My solution was pretty much the same for both of them. For the middle kid, give her paper towels and wait for her to clean up her mess on the floor, then get her out of the peed-on clothes, washed up, and into dry stuff. Then give her a big hug and tell her she wasn't going to get rid of me just by doing that - they'd had 4 nannies in 5 months, these kids' lives were not paragons of stability.

For the oldest one, I'd just hang out with him as he was silent and sullen. I'd pick up his favorite toys and play with them and he'd snatch them out of my hand. So I'd pick up another and he'd do the same - until he ran out of handroom. At that point, he'd generally scream at me, then play.

This kept up for roughly two weeks. And all of a sudden, one day, they both played VOLUNTARILY, and understood that "no extra oreos" meant "no extra oreos," not "if you scream for an hour maybe you can have an extra oreo."
posted by u.n. owen at 10:23 AM on December 22, 2004

It's really weird the number of parallels I'm seeing between raising kids and owning dogs. My puppy hated me, but loved my girlfriend, for about 2 months (8 to 10 months old). One day, it just switched off and she's been my best friend since. It honestly hurt my feelings, and this is just a dog. I can definitely understand how this would be very hard with a child, but I agree with LairBob that it will pass.
posted by knave at 10:34 AM on December 22, 2004

Yeah, it'll pass.
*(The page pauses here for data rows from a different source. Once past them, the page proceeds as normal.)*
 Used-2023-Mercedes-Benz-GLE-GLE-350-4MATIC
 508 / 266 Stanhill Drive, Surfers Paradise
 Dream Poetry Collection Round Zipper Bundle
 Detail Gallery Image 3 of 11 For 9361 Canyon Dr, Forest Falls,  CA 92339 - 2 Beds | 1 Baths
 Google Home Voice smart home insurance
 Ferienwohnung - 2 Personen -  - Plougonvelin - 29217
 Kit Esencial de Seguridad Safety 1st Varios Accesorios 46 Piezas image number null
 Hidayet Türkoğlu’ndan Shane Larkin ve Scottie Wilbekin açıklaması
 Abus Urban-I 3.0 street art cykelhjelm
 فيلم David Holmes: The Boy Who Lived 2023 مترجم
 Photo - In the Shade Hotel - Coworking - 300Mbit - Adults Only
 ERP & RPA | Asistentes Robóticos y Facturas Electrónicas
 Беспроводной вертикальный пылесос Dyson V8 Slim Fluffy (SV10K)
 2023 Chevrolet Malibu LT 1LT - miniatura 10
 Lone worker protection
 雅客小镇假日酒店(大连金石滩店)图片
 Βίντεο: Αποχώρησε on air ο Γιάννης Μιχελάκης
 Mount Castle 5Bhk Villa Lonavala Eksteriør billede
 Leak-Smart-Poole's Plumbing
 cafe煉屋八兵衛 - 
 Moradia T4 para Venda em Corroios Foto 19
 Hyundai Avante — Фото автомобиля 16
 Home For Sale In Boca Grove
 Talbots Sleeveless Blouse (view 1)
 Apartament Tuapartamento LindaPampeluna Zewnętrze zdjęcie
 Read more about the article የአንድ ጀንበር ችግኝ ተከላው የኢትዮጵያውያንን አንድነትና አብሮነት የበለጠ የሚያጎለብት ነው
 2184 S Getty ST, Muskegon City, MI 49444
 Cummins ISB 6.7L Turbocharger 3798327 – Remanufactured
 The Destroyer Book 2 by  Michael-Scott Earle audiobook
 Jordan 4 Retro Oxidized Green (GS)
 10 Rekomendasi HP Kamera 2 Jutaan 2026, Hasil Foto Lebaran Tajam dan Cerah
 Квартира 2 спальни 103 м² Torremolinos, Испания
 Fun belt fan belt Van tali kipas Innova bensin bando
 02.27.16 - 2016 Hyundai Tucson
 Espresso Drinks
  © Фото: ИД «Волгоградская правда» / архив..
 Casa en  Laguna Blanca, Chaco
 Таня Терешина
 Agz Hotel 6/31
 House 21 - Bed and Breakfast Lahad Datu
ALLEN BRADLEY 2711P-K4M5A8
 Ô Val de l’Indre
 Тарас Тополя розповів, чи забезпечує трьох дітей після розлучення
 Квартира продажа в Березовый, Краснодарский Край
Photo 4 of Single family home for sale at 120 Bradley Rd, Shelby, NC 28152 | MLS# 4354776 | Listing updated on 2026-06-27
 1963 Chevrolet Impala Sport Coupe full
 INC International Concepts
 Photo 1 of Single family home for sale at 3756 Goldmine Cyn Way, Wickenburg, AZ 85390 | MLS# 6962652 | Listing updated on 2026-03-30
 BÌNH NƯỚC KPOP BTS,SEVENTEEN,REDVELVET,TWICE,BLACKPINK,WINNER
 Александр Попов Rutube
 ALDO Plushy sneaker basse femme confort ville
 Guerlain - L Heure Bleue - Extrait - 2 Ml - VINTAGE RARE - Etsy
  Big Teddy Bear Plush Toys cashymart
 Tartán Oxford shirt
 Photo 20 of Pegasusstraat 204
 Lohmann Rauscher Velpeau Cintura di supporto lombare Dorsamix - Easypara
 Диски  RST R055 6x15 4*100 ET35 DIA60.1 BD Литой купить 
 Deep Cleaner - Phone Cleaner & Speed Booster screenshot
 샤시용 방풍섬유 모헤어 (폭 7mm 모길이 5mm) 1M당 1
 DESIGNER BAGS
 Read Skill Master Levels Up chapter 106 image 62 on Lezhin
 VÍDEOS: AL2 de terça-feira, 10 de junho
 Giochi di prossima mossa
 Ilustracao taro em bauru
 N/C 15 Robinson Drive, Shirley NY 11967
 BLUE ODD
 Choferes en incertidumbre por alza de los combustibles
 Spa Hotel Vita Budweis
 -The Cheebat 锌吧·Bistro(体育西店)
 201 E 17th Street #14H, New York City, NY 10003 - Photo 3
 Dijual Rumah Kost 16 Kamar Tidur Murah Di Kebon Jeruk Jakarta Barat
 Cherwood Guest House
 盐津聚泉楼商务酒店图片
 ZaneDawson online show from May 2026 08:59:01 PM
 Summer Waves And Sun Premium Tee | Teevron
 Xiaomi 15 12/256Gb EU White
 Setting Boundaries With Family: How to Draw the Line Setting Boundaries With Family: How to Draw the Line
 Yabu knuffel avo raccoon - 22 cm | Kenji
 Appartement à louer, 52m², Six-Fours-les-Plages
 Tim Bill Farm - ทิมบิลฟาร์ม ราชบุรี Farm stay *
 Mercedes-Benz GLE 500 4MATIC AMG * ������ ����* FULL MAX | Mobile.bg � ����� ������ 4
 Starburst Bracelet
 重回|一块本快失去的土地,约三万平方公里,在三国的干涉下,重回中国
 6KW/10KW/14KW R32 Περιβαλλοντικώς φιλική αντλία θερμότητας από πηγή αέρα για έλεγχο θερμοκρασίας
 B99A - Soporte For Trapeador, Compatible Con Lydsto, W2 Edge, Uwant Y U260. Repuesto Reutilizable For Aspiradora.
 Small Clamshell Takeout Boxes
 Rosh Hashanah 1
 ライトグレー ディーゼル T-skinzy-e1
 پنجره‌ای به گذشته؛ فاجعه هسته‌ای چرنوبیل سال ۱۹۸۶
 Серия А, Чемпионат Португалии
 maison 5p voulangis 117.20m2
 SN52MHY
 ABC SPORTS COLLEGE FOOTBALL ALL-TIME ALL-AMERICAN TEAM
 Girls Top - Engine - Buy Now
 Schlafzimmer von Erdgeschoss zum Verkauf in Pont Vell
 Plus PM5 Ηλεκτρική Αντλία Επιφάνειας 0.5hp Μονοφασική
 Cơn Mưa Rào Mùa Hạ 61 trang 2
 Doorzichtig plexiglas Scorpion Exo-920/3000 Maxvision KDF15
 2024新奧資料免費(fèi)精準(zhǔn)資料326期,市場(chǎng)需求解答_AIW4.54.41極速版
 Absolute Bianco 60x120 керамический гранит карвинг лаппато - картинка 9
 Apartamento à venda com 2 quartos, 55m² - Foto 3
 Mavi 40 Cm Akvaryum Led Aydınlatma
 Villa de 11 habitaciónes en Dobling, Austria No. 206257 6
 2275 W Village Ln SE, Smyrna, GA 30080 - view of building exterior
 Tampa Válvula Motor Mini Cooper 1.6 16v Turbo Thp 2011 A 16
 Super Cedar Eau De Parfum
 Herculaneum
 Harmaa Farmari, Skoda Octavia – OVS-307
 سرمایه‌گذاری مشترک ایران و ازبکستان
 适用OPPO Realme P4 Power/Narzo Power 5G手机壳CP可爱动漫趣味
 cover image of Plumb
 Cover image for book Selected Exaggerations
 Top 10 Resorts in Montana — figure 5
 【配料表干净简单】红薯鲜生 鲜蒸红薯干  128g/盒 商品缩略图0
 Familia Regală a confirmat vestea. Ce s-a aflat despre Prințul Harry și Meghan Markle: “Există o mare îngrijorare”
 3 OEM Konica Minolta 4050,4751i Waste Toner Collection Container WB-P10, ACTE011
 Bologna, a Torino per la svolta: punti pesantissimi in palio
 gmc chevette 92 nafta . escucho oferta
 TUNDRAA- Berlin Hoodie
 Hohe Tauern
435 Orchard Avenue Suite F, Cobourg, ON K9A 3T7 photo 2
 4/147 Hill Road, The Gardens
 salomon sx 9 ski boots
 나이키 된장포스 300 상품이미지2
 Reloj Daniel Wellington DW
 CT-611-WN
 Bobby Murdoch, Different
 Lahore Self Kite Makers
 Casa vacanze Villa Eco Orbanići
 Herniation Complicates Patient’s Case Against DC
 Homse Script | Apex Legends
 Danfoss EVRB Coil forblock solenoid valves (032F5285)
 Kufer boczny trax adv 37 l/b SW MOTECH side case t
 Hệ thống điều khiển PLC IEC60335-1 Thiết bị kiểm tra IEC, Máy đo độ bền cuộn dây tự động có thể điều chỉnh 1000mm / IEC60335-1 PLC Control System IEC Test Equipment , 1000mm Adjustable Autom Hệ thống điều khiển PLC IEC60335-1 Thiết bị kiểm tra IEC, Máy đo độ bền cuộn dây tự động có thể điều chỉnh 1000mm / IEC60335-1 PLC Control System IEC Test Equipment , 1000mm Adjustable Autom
One of my friends daughters was scared beyond scared of me when she first met me. Two weeks later, she'd run out the door of her mom's apartment and press her face up against my car window before I even had my seatbelt off. And when they went away for christmas she wanted to know why I wasn't coming with.
My friend's ex-husband is pissed at me because she doesn't like him at all now. I'm sure that'll pass too, unless he continues being the person who became the 'ex' part of that...
posted by SpecialK at 3:18 PM on December 22, 2004

On preview: the last "She" being the 3-year-old daughter, not my friend.
posted by SpecialK at 3:19 PM on December 22, 2004

Err. Whatever. You get the idea. I'm going to go program some more now.
posted by SpecialK at 3:19 PM on December 22, 2004

I posted in the other thread about my daughter not wanting anything to do with my husband. It was at its peak when she was around 2.5 to 3, but even now at 5 she can still go into Daddy-freeze-out mode.

I figured out that, in our case, at least, it was a combination of normal kid phase plus the fact that my daughter can really hold a grudge. Her dad is a medical resident, and so his appearance at home is something rare and usually brief. She was rejecting him partly because she was going through an intense Mommy-only phase, partly because she was mad at him for leaving all the time, and partly to protect herself from being hurt when he left again.

In our case, instituting Daddy-daughter time on the weekends -- just the two of them hanging out, going to the art museum or something -- did help things. It was good for them to just have time together, without me in the middle, and forge their own relationship that was about the two of them, not Daddy vs. Mommy. Also, letting my husband vent to me about his hurt feelings was helpful, too, because then he could get that out in the open with me, and then respond calmly to her when faced with the inevitable "I don't want Daddy" stuff.